The main part of a hair primarily consists of natural polymers: 90% of a hair’s dry weight compromises proteins (α-keratin). Keratins are rich in cysteine, an amino acid that is characterised by its sulphur content, which contributes to hair’s characteristic insolubility and resistance to enzymatic degradation
The thiol groups of two cysteine residues can form a covalent bond of several polypeptide chains. And, as such, any change in the cysteine content leads to a change in the hair’s flexibility. The physical properties of human hair are largely determined by the water absorption capacity of its cellular components. This depends on the ratio of hydrophilic to hydrophobic amino acid residues and the degree of protein cross-linking. Under normal conditions, human hair has a water content of 10%, which significantly influences its mechanical properties.
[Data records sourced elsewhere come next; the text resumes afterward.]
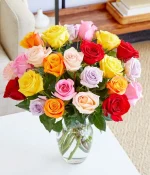 Rainbow Roses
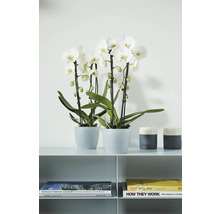 Zwei weiße Orchideen in Töpfen auf einem Regal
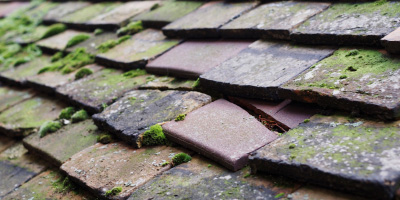 Little Gransden roof repair costs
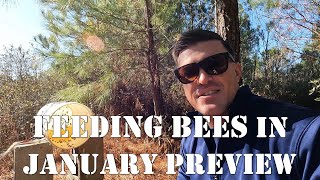 Feeding Bees Preview  colesfarmnc jacksonvillenc beekeeping [upl. by Onibla]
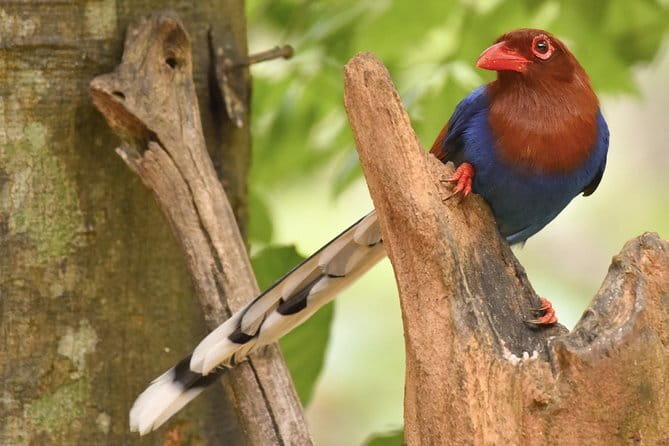 Muthurajawela Bird Watching Tour From Colombo & Negombo - What the private format is really worth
Conventionally, hair care products targeted keratin or moisture content, but lipids are an important constituent of hair too. They represent 1% -9% of the total mass of hair and play an eminent role in its physiochemical characteristics. For instance, they are essential in giving hair its mechanical strength. The cuticle cells are covered with a thin lipid layer, which is covalently bound to the hair keratin. The internal lipids are situated between the lipid layer and consist of approx. 60% free fatty acids.
During the process of hair ageing, lipids are gradually lost from the hair. Moreover UVA/UVB and even visible light take part in the destruction of lipids in hair which suffers like our skin from photo-ageing. Up to 40% of all free fatty acids are destroyed during the hair’s ageing process.